Lecture 5 Causal Diagrams

Nick Huntington-Klein

2021-02-24

Recap

Last time we talked about identification
There’s a theoretical concept we’re trying to get at, and we want to pick out just the variation that represents that effect
We also talked about how we can identify causality in data
Part of that will necessarily require us to have a model

Models

We have to have a model to get at causality
A model is our way of understanding the world. It’s our idea of what we think the data-generating process is
Models can be informal or formal - “The sun rises every day because the earth spins” vs. super-complex astronomical models of the galaxy with thousands of equations
All models are wrong. Even quantum mechanics. But as long as models are right enough to be useful, we’re good to go!

Models

Once we do have a model, though, that model will tell us exactly how we can find a causal effect
(if it’s possible; sometimes the model says that to identify we must do something impossible)
Just like Arteaga did, if we know a source of identified variation in how X was assigned, and using that information we were able to get a good estimate of the true treatment

Example

Let’s work through a basic example where we know the data generating process

# Is your company in tech? Let's say 30% of firms are
df <- tibble(tech = sample(c(0,1),500,replace=T,prob=c(.7,.3))) %>%
  #Tech firms on average spend $3mil more defending IP lawsuits
  mutate(IP.spend = 3*tech+runif(500,min=0,max=4)) %>%
  #Tech firms also have higher profits. But IP lawsuits lower profits
  mutate(log.profit = 2*tech - .3*IP.spend + rnorm(500,mean=2))
# Now let's check for how profit and IP.spend are correlated!
cor(df$log.profit,df$IP.spend)

## [1] 0.1820006

Uh-oh!
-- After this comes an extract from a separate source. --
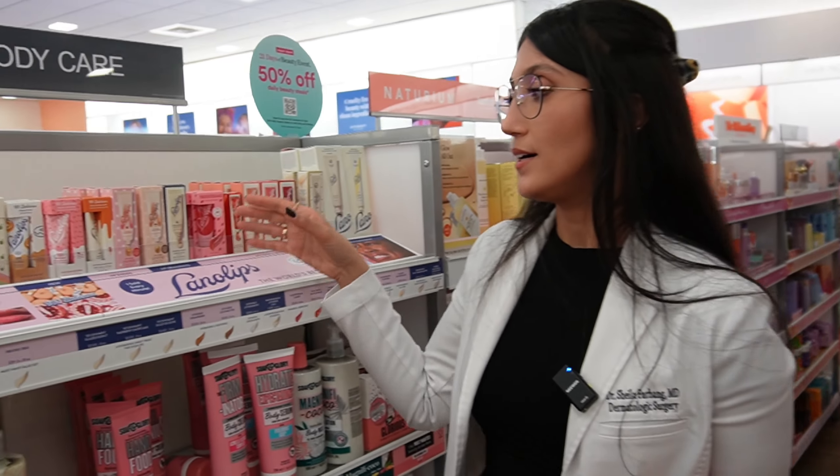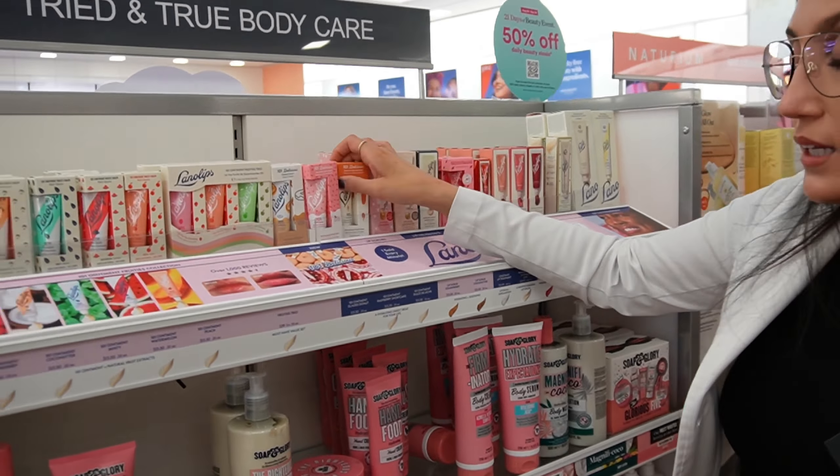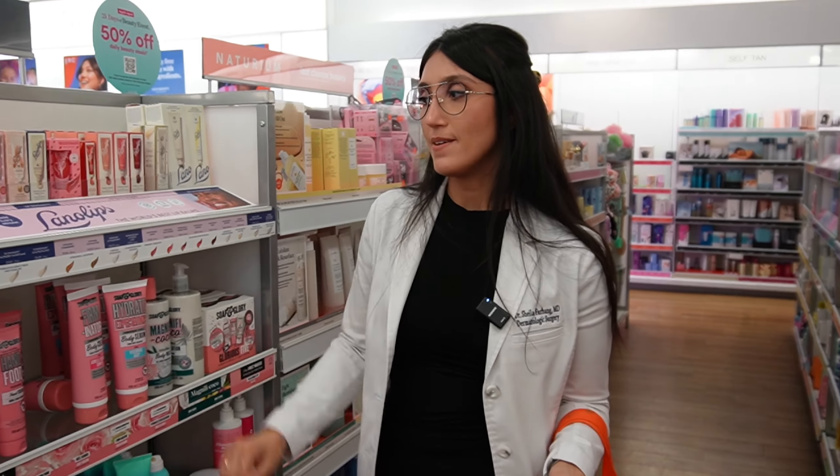Speaking of lanolin — it's an emollient, which is nice. This is an Australian brand; one of my really good friends went to Australia and brought me some. People love it. I use it as a lip hydrator — they have stuff for hands and things like that. It's called Lanolips, which is lanolin-based. If you're tolerating it well, it's fine, but I'd keep it simple like Vaseline or Aquaphor. This one is nice but some of them have a little fragrance, so it's more of a self-care addition. Apparently one is sold every minute — wow.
Truth is negative relationship, but data says positive!!

Example

Now we can ask: what do we know about this situation?
How do we suspect the data was generated? (ignoring for a moment that we know already)
- We know that being a tech company leads you to have to spend more money on IP lawsuits
- We know that being a tech company leads you to have higher profits
- We know that IP lawsuits lower your profits

Example

From this, we realize that part of what we get when we calculate cor(df$log.profit,df$IP.spend) is the influence of being a tech company
Meaning that if we remove that influence, what’s left over should be the actual, negative, effect of IP lawsuits
Now, we can get to this intuitively, but it would be much more useful if we had a more formal model that could tell us what to do in lots of situations

Causal Diagrams

Enter the causal diagram!
A causal diagram (aka a Directed Acyclic Graph) is a way of writing down your model that lets you figure out what you need to do to find your causal effect of interest
All you need to do to make a causal diagram is write down all the important features of the data generating process, and also write down what you think causes what!

Example

We know that being a tech company leads you to have to spend more money on IP lawsuits
We know that being a tech company leads you to have higher profits
We know that IP lawsuits lower your profits

Example

We know that being a tech company leads you to have to spend more money on IP lawsuits
We know that being a tech company leads you to have higher profits
We know that IP lawsuits lower your profits

Example

We know that being a tech company leads you to have to spend more money on IP lawsuits
We know that being a tech company leads you to have higher profits
We know that IP lawsuits lower your profits

Example

We know that being a tech company leads you to have to spend more money on IP lawsuits
We know that being a tech company leads you to have higher profits
We know that IP lawsuits lower your profits

Voila

We have encoded everything we know about this particular little world in our diagram
(well, not everything, the diagram doesn’t say whether we think these effects are positive or negative)
Not only can we see our assumptions, but we can see how they fit together
For example, if we were looking for the impact of tech on profit, we’d know that it happens directly, AND happens because tech affects IP.spend, which then affects profit.

Identification

And if we want to isolate the effect of IP.spend on profit, we can figure that out too
We’re identifying just one of those arrows, the one IP.spend -> profit, and seeing what the effect is on that arrow!
If we can shut down the other arrows, there’s only one path you can walk on the diagram to get from treatment or outcome-only one kind of variation left, and it MUST be the causal effect you want

Identification

Based on this graph, we can see that part of the correlation between IP.Spend and profit can be explained by how tech links the two.

Identification

Since we can explain part of the correlation with tech, but we want to identify the part of the correlation that ISN’T explained by tech (the causal part), we will want to just use what isn’t explained by tech!
- Use tech to explain profit, and take the residual
- Use tech to explain IP.spend, and take the residual
- The relationship between the first residual and the second residual is causal!

Controlling

This process is called “adjusting” or “controlling”. We are “controlling for tech” and taking out the part of the relationship that is explained by it
(By Frisch-Waugh-Lovell, we can get the same result with a regression where we include tech as a control)
In doing so, we’re looking at the relationship between IP.spend and profit just comparing firms that have the same level of tech.
This is our “apples to apples” comparison that gives us an experiment-like result

Controlling

df <- df %>% group_by(tech) %>%
  mutate(log.profit.resid = log.profit - mean(log.profit),
         IP.spend.resid = IP.spend - mean(IP.spend)) %>% ungroup()
cor(df$log.profit.resid,df$IP.spend.resid)

## [1] -0.2812032

Negative! Hooray

Controlling

The same idea:

m1 <- lm(log.profit ~ IP.spend, data = df)
m2 <- lm(log.profit ~ IP.spend + tech, data = df)
msummary(list(m1,m2), stars = TRUE, gof_omit = 'AIC|BIC|Lik|Adj.|F')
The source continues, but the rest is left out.